● **RECORDS FOR THE EXERCISE**:
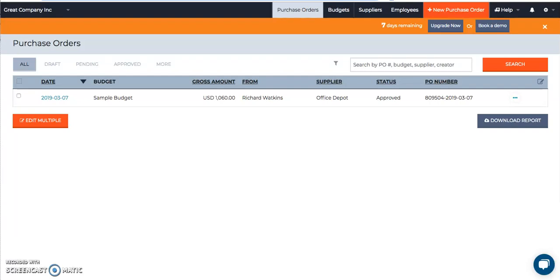Once the purchase order is sent off for approval, there are three ways within Procurement Express that the approver can approve the purchase request.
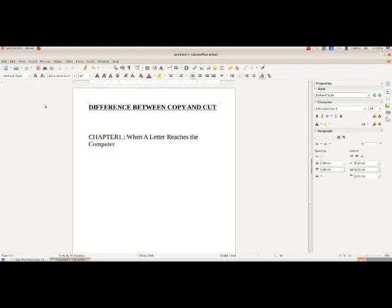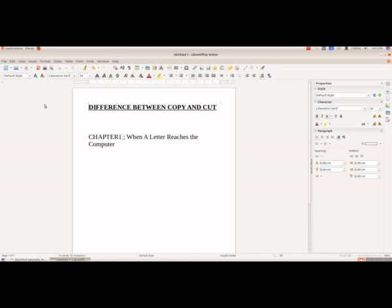Now we are going to see the difference between copy and cut. Here we have Chapter One with a header already typed. First we'll see how you can copy and how you can cut, and then I'll be able to discuss the difference between the two.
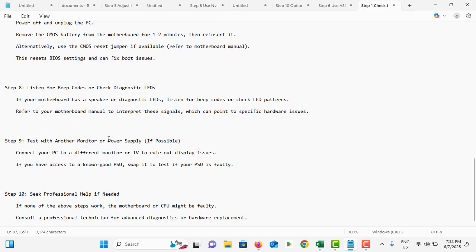If all methods are not working, you have to take your computer to a computer technician. These are the methods you can try if your computer is not turning on.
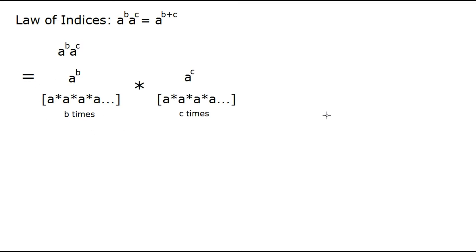And we can say the same thing for a to the c. It's just going to be a times a times a times a for a total of c times instead.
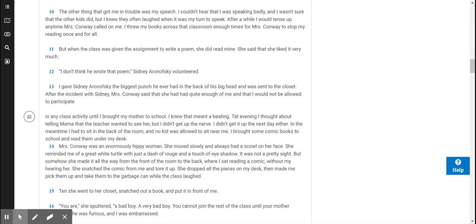I knew that meant a beating. That evening, I thought about telling Mama that the teacher wanted to see her, but I didn't get up the nerve. I didn't get it up the next day either. In the meantime, I had to sit in the back of the room and no kid was allowed to sit near me. I brought some comic books to school and read them under my desk.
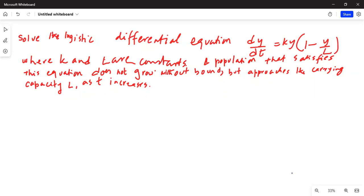The problem says: solve the logistic differential equation dy over dt is equal to ky times 1 minus y over l, where k and l are constants. A population that satisfies this equation does not grow without bound but approaches the carrying capacity l as t increases. So let's do the solution.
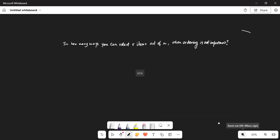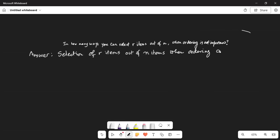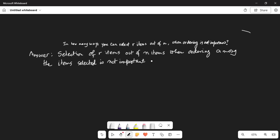In how many ways can you select R items out of N when ordering is not important? The selection of R items out of N items, when ordering among the items selected is not important, is known as combination.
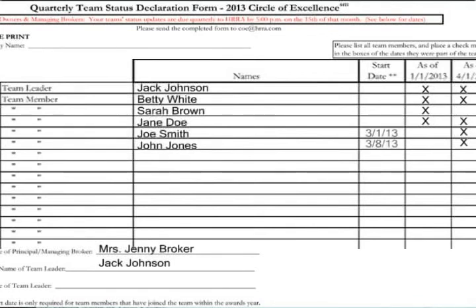Alternatively, our new team member Joe Smith joined the team on March 1. So the first quarter box would remain blank, but we would put a check mark in the second quarter box. Please remember to add the start date of any new members that have joined your team since the first of the year.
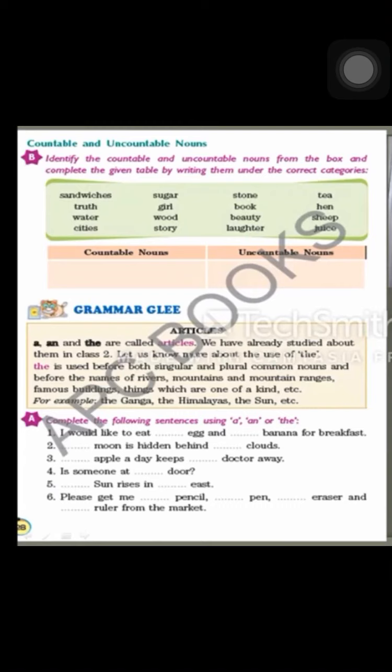The next one is truth. Truth is an uncountable noun, so write truth in the uncountable nouns column. The third one is water — can you count water? No, we cannot count water. You can say I drank two glasses of water in the morning, or one glass of water after lunch.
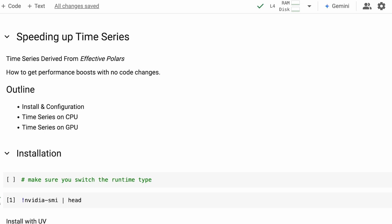Hi, I'm Matt Harrison, and I'm excited to show you how you can speed up your time series code with no code changes. I wrote the book Effective Polars, and I'm going to take some examples from that book and show you how you can speed up your code using NVIDIA's accelerator. I'm going to show you how to install this, and then I'm going to run a time series analysis using the CPU, and then I'll repeat it on the GPU.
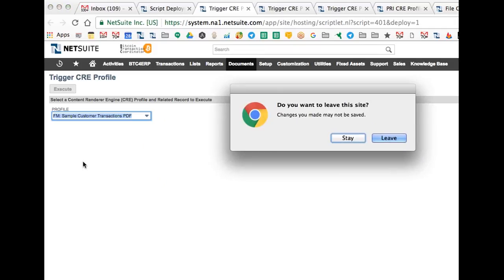As we do this, we get this message, a standard NetSuite message. We want to avoid this behavior because this is not a concern, it's an inconvenience.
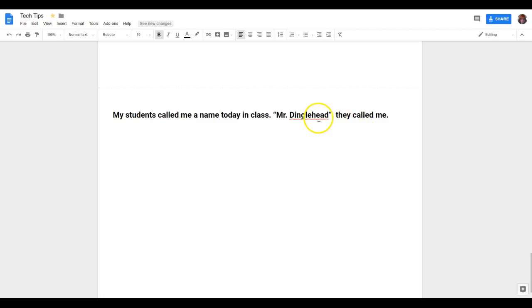As you type, you might notice some red underlined words on your Google Doc. This is telling you that that word is misspelled.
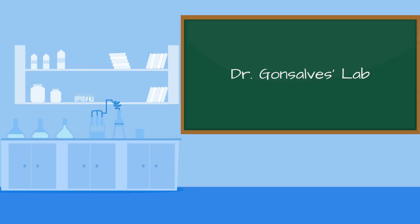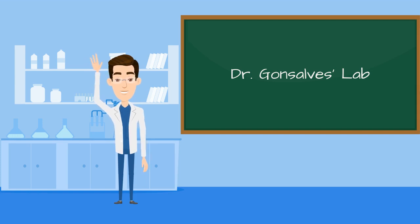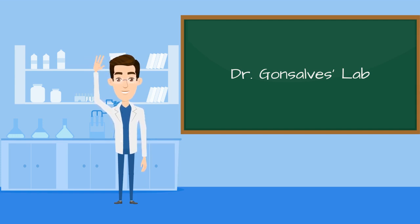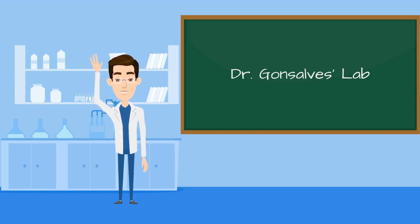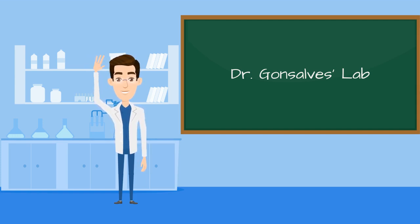Hey students, welcome to my organic chemistry lab. Today I have something very special to show you, IR spectroscopy.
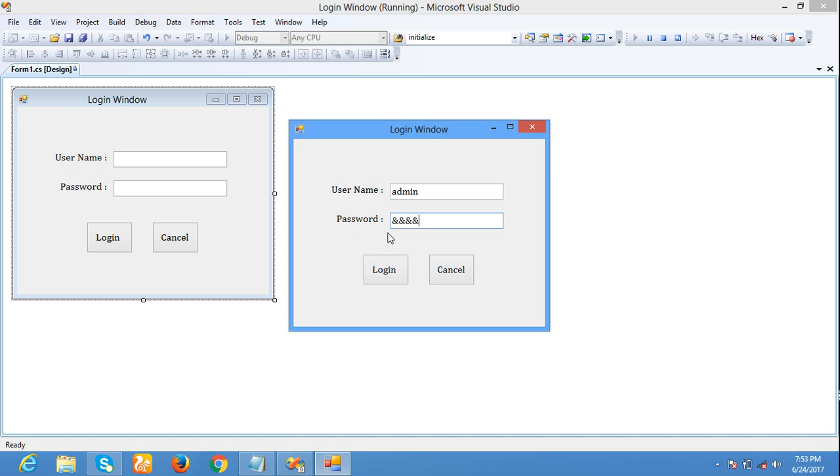Password character will be displayed as and. Like this, we can set any symbol as password character to hide our password. Thank you.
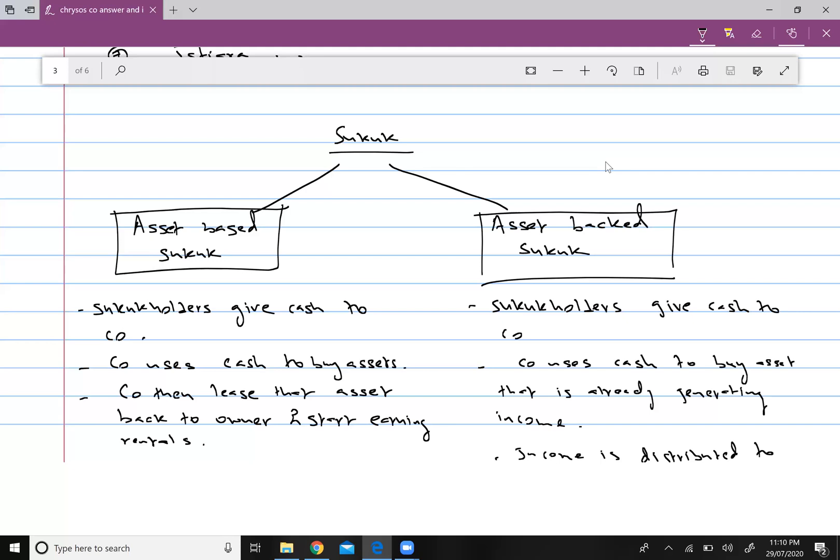In asset-backed Sukuk, you give money to the bank and receive a certificate. The bank uses that cash to purchase an income-generating asset — for example, an investment property already generating rental income. That rental income is then distributed to the Sukuk holders.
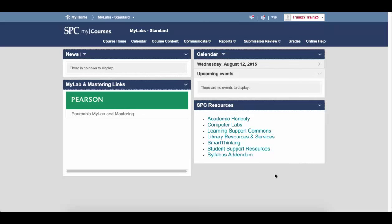This tutorial will show you how to register for MyLabs product using something called standard integration. This means that there is a widget on the course homepage. This thing that you see from Pearson is the widget.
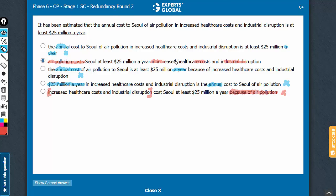Let's confirm choice B. It has been estimated that air pollution costs at least this much a year in increased healthcare costs and industrial disruption — so something is costing someone that much in these costs and such disruption. Answer choice B makes complete sense. It avoids the 'annual' and 'a year' redundancy, avoids the change in meaning, and deploys active voice and is concise. B is the best answer choice.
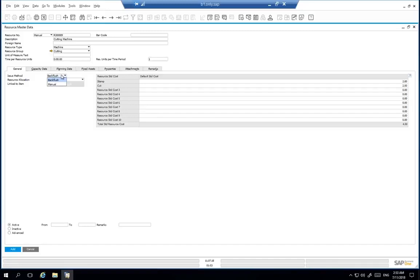We have now begun the creation of our new master record and allocated the required resource group and appropriate cost definition.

● **ABOUT THIS EXERCISE**:
Word for word, restate the lines above from the first through the one that contains "And we can say", and exclude all pictures.

● **ANSWER BELOW**:
Once the purchase order is sent off for approval, there are three ways within Procurement Express that the approver can approve the purchase request.
Now we are going to see the difference between copy and cut. Here we have Chapter One with a header already typed. First we'll see how you can copy and how you can cut, and then I'll be able to discuss the difference between the two.
If all methods are not working, you have to take your computer to a computer technician. These are the methods you can try if your computer is not turning on.
And we can say the same thing for a to the c. It's just going to be a times a times a times a for a total of c times instead.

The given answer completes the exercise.